I have a grandmother I never knew and a granddaughter that never knew me.

My grandmother passed away 25 years before I was born and my granddaughter passed away three hours after she was born–grief and joy both flood my soul. Grief that I missed living life with them and, yet, joy that they both lived.

God made us to experience these emotions that we tend to think are opposite of each other and cannot be practiced at the same time. But grief and joy are not mutually exclusive; we can celebrate and grieve at the same time.

Jesus ran his race experiencing the duality of both grief and joy. Hebrews 12:2 tells us, “Looking unto Jesus, the author and finisher of our faith, who for the joy that was set before Him endured the cross, despising the shame, and has sat down at the right hand of the throne of God.”  His joy was our redemption; his grief was the price he paid. And yet, paying the ultimate price of his life was his joy. What a paradox!
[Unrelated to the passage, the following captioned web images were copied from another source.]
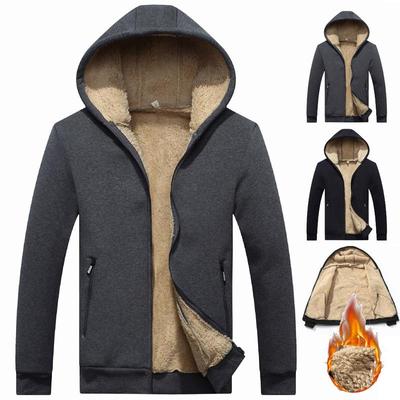 Men's Winter Thickened Sports Hoodie Long Sleeve Zipper Hoodie Loose Large Size Hoodie Lined Fleece Warm Cardigan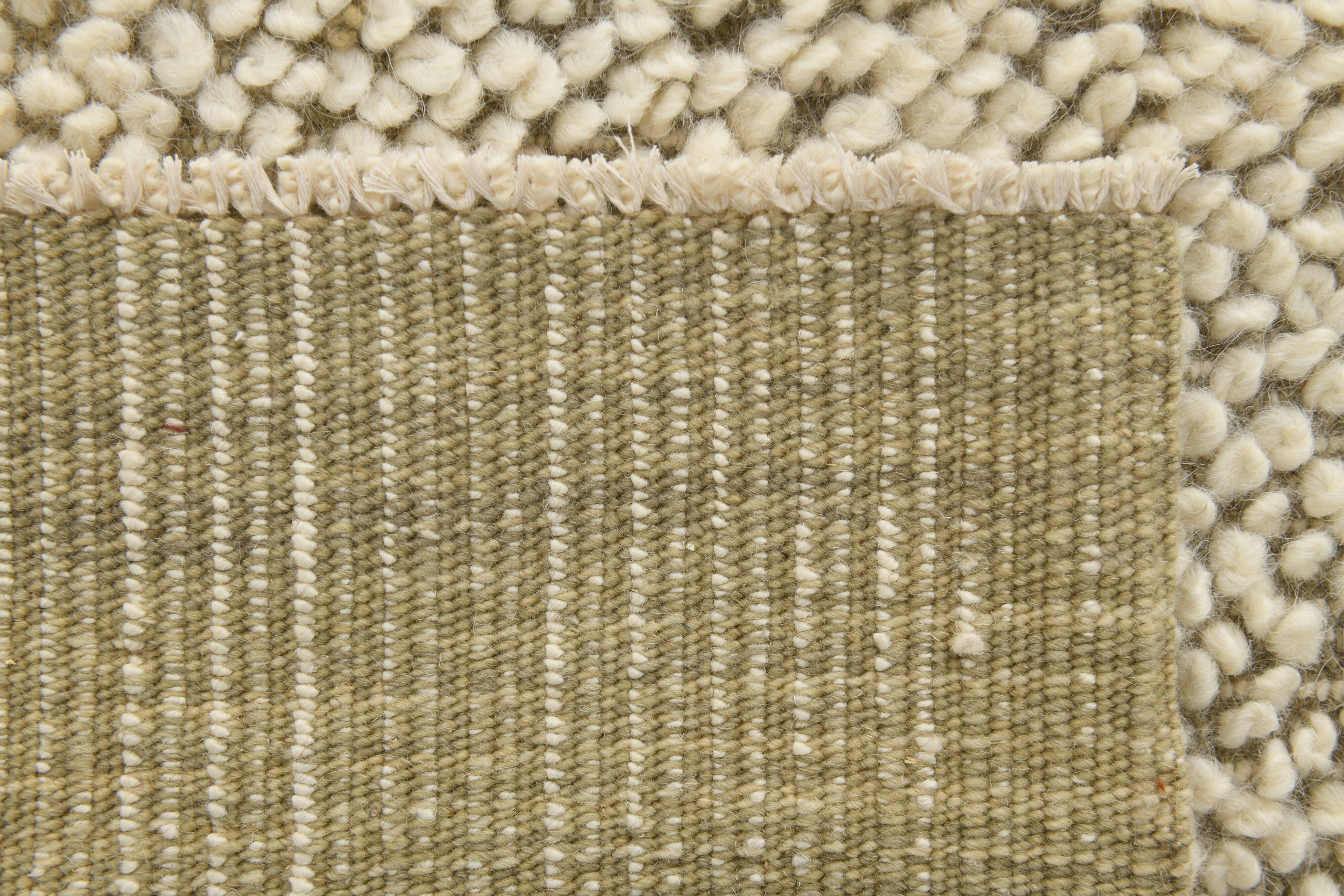 4x7 Army Green & Beige Modern Kilim Rug, 130x215Cm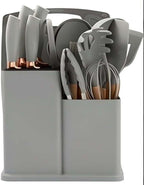 19-Piece Silicone Cooking Utensils & Knife Set | Grey Kitchen Tools with Knives, Cutting Board, & Storage Block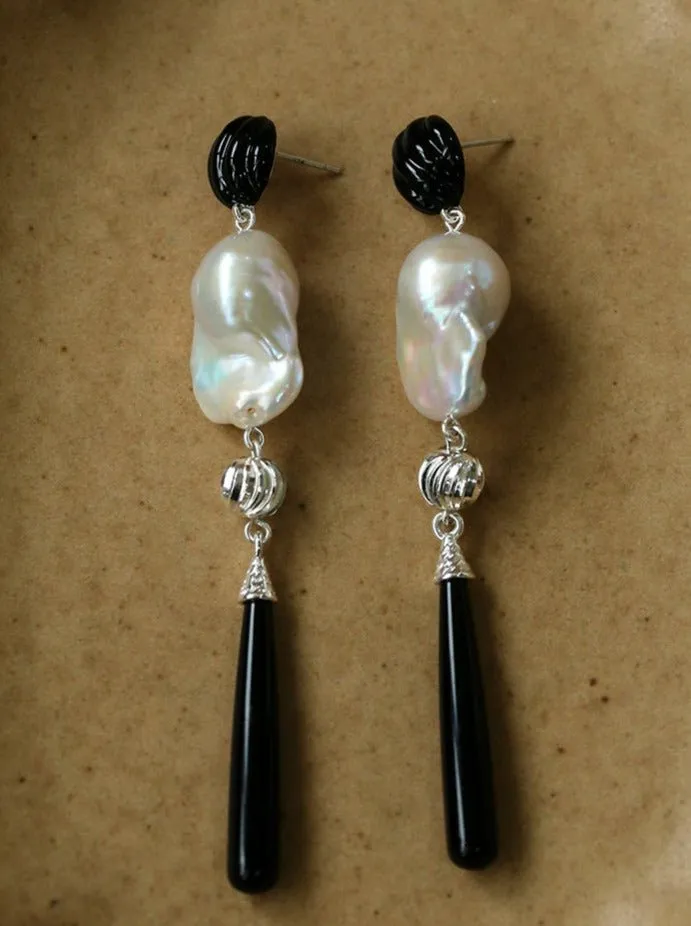 Baroque Pearl Black Onyx Long Teardrop Drop Earrings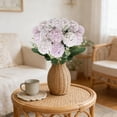 thumbnail image 2 of chaungfeng 13.7In Artificial Hydrangea Silk Flowers Bouquet, Faux Hydrangea Stems for Wedding Centerpieces Home Decor (Purple), 2 of 6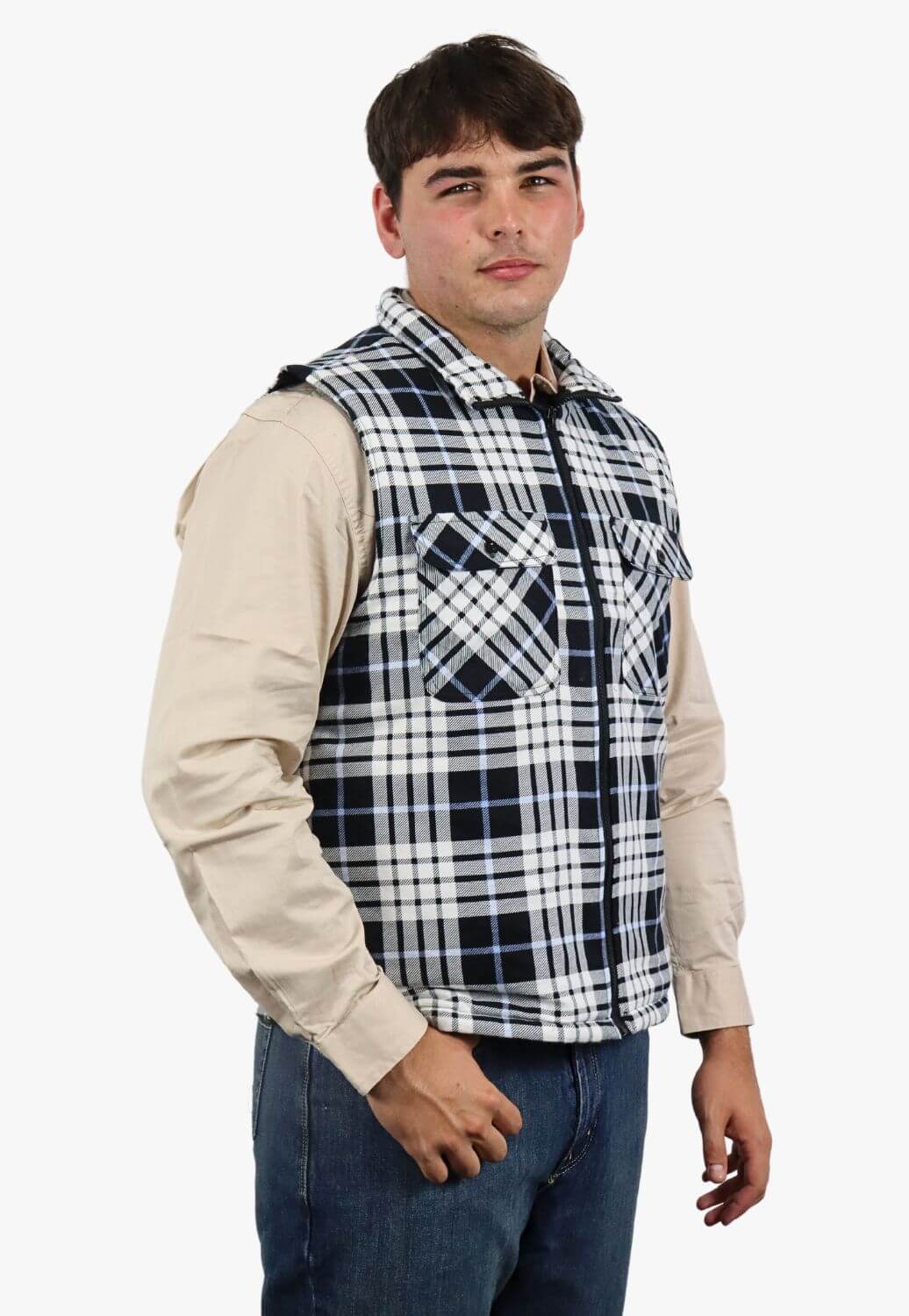 Pilbara Zipper Flannelette Quilted Vest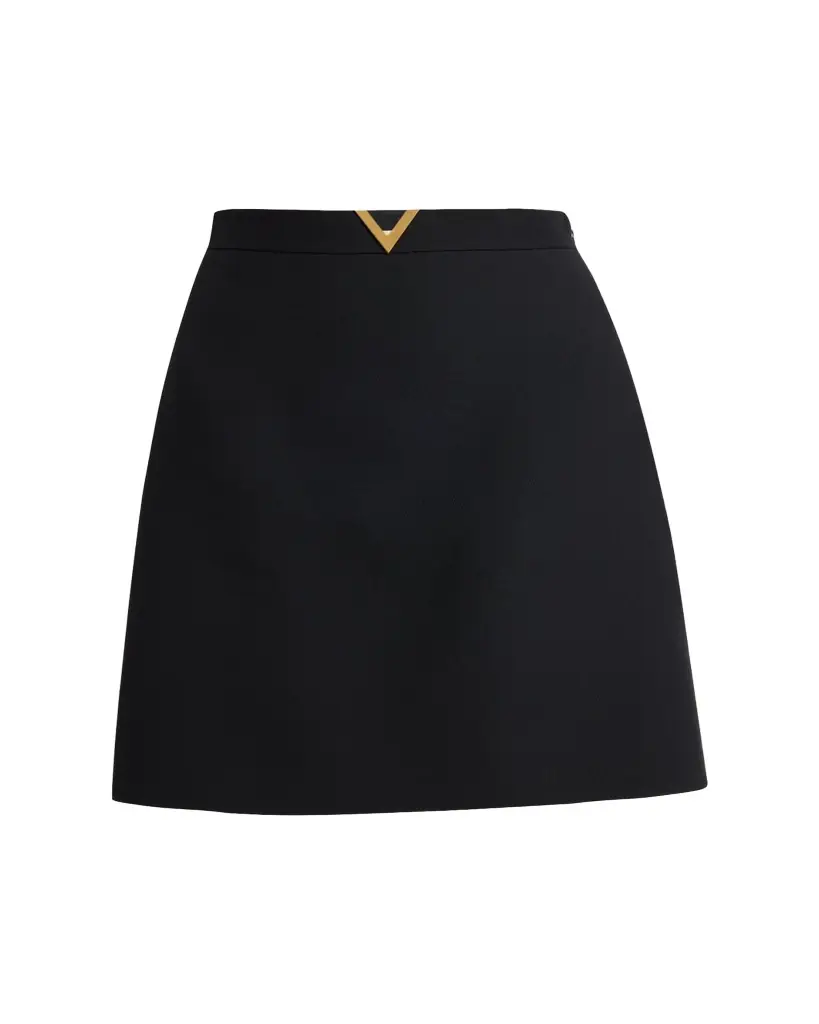 Valentino Garavani V-Logo Wool Crepe Mini Skirt | Image 1 Valentino Garavani V-Logo Wool Crepe Mini Skirt | Image 1
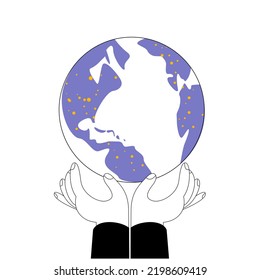 Hands hold the planet earth. Vector illustration in a flat style on the theme of ecology and respect for the planet.
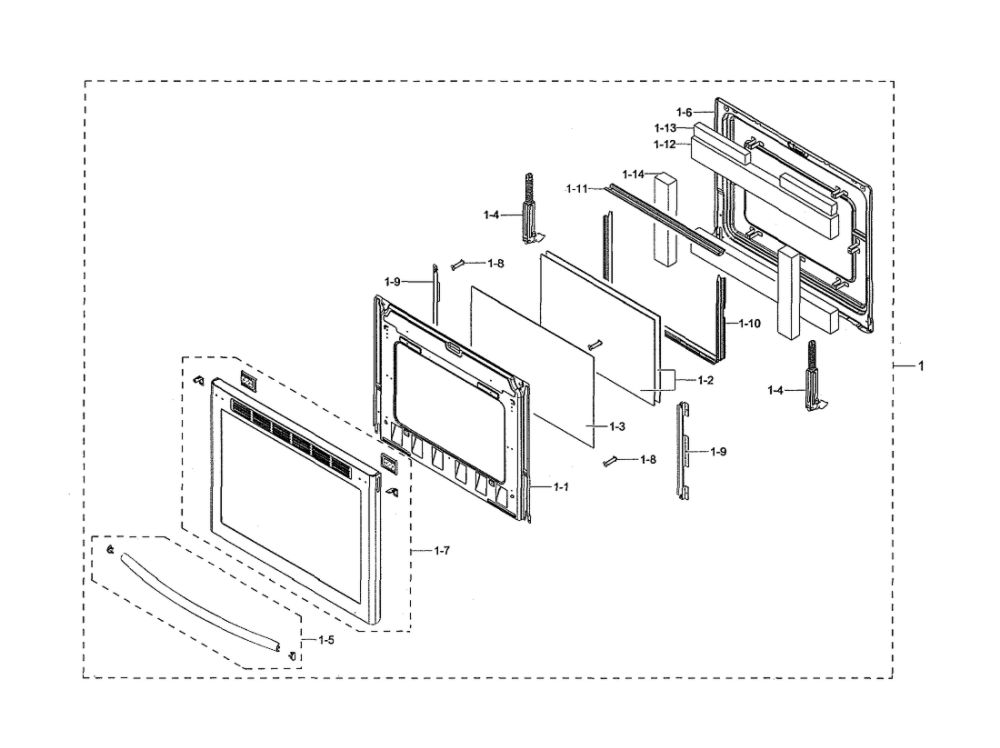 Door Assembly Diagram and Parts List for NX58R9421SS AA-00 Samsung Range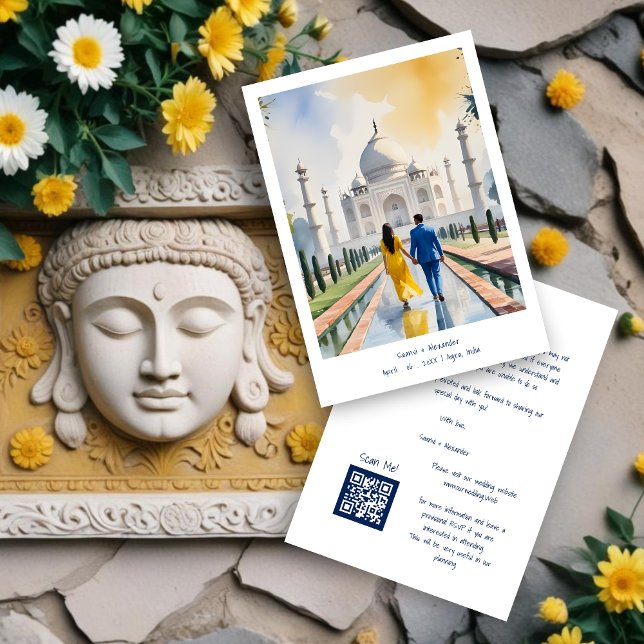 Save The Date India Agra Taj Mahal Romantic Cityscape Wedding Co (India Agra Taj Mahal Romantic Cityscape Wedding Couple Illustration Save the Dates Cards.)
The tension of grief and joy run on parallel tracks. It is “both and” not “either or.” This fallen life we live is bittersweet. Bitter in the pain of loss, betrayal, separation and unfulfilled longing; yet it is sweet in that we live, we love and we have a sure expectation of all things being made right.

C. S. Lewis observed, “The pain I feel now is the happiness I had before. That’s the deal.”  His point is that because we love deeply then we will hurt deeply. Like multiple instruments in harmony make beautiful melodies, God takes the good and bad, the sorrows and the joys, the bitter and the sweet to make our life songs. In our 10,000 stabs of grief, we can know the joy of restoration and redemption. “Our griefs cannot mar the melody of our praise; we reckon them to be the bass part of our life’s song” (Charles Spurgeon, Morning and Evening, June 9th morning).

So this time of year, as you anticipate the holidays and the possibility of the mingling of grief and joy, remember Christ. “But He was wounded for our transgressions, He was bruised for our iniquities; the chastisement for our peace was upon Him, and by His stripes we are healed” (Isaiah 53:5).

The lingering losses we experience now are echoes of the joys once shared and, in the experience of the glad reunion to come a glorious melody of notes, once out of tune and misplaced, will be perfected in harmony and in praise of our Lord for all eternity.